I was thinking of nightmare scenarios for end users and came up with this one.
A user has forgotten their password, the computer is still FV encrypted, and the device is off-site. What, if anything can we do to assist them getting access to the device?
Thanks in advance, -Pat
The Filevault key should be assigned to the user machine in Jamf. If they enter their password in wrong too many times on the login box they should be prompted with a message to reset their password using the Filevault recovery key. They'll need to enter in their filevault recovery key which you can ping over and that should allow them to change there local password and enter into the machine.
Filevault password won't update automatically when it's changed via AD. You can try to walk them through remote stuff with the recovery key, but in the situations i've been in with that I've ended up telling the user "if you can't remember which password gets you into the computer I need to ship you a new computer" and all but one time they've figured out that password. That time I provisioned them a new laptop and shipped it to them, they shipped theirs back to me I grabbed the files they needed worked with them to transfer them back to their new computer.

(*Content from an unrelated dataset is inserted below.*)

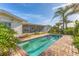 The backyard features a private in-ground pool, lush landscaping, and screened-in lanai at 1220 Lakeside Dr, Venice, FL 34293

@strayer That is similar to this one case we had recently. Basically the user had to change their password because of password expiration rules. They did so in the Okta portal, but that doesn't autoupdate the password to login to their Mac. Now the user has restarted their device and cannot remember the old password.
If I understand correctly, I could have the user "reset the password" at the FileVault login screen, give them the FV key from Jamf server. Will that get them into their account? The only thing I can think of from that point is to have the device connected to the internet (wired) and use Jamf to push out a new user account or force a password change to their local account. Thoughts?
Because Active Directory is used via a network, and Filevault is used via a cache I think that it shouldn't matter if the user is remote because they are changing the cache password on there machine. Once there back in the office in the network vicinity thats when it might give issues and may need to change it via Active Directory, this is what I think but I've seen before.
@ferrispd @strayer i have been trying to work out the same scenario, where the user is on road/travelling and forgot their password to log in to the mac. how i would get them into mac?. i am performing the test myself- i have a mac book pro, Catalina 15.2.3 OS, AD pound and FV encrypted. we used jamf pro for build/imaging, i used the FV key to get in to the password reset assistant by putting in the FV key and then clicking on forgot password- and i get the list of profiles to reset password for , i choose my profile(AD account/mobile) , try to create a new password but i get the : Error: authentication server could not be contacted. i tried this with LAN cable and mobile hotspot./guest- network and i still get the same error. please see screenshots below.
any thoughts on how to solve this error?